Husband and wife police officers sacked for gross misconduct
PC Nigel Mungur, 38, admitted illegally accessing details of road crashes from the Lancashire Police computer system, with the intent of selling the data on to make money.
His wife PC Nicola Mungur, 35, admitted illegally accessing road crash data.
The pair, who were based in South division which covers Preston, Chorley, South Ribble and West Lancashire, had already pleaded guilty to the offences, but have now been sacked from Lancashire Police.
Nigel Mungur pleaded guilty to misconduct in public office, conspiracy to commit misconduct in public office, money laundering and unauthorised access to a computer at Chester Crown Court on November 27.
Nicola Mungur admitted a Data Protection Act offence on the same date.
The couple, who live in Liverpool, were sacked immediately afterwards at a Public Special Case Hearing, for breaching standards of professional behaviour in the areas of honesty and integrity, duties and responsibilities, orders and instructions, confidentiality and discreditable conduct.

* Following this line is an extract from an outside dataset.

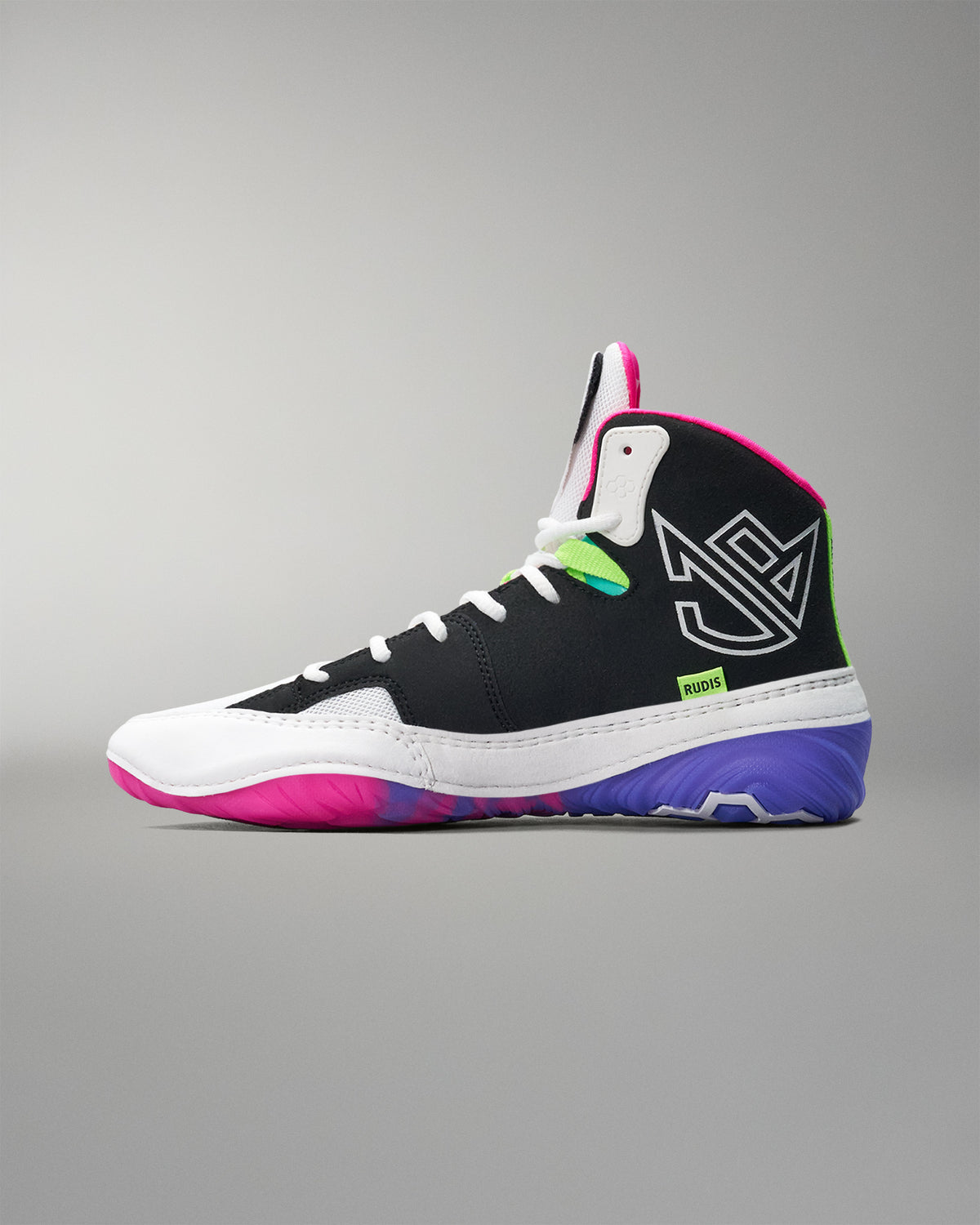 Multicolored wrestling shoe with black, white, pink, and green design on a gray background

The hearing at Leyland police station on March 7 found that between March 31, 2007 and April 30, 2014 while acting as a public officer, namely a police officer with Lancashire Police, Mr Mungur wilfully misconducted himself by unlawfully accessing police computer systems so as to unlawfully obtain road traffic collision logs belonging to Lancashire Police with the intent of selling the personal data thereby obtained and making a financial gain for himself.

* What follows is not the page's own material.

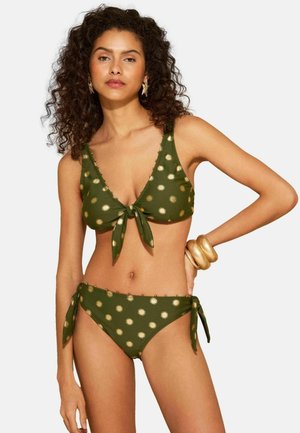 Olívazöld bikini szett, mely egy arany napmintás, elöl megkötős felsőből, hozzáillő oldalt megkötős alsóból és díszítő gyöngy részletekből áll.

He then conspired with a third party to sell the unlawfully obtained data and commit unauthorised access to a computer.
It also found that on or before April 30, 2014, without the consent of the data controller, Mrs Mungur knowingly or recklessly obtained personal data, namely data contained in the L
ancashire Police road traffic collision logs relating to living individuals who can be identified from the said data. This is contrary to Sections 55(1), 55(3) and 60(2) of the Data Protection Action 1988.
Superintendent Sam Mackenzie, head of professional standards at Lancashire Constabulary, said: “I am always very disappointed to discover conduct such as this within Lancashire Constabulary, it undermines the great work the vast majority of our staff and officers do on a day to day basis.
“There is no place for conduct of this type within the police and we are committed to dealing with such matters whenever and wherever they arise.
“I apologise on behalf of Lancashire Constabulary for this failure to meet the standards that we and the public quite rightly expect from our police officers.”
They will be sentenced by the court later this year.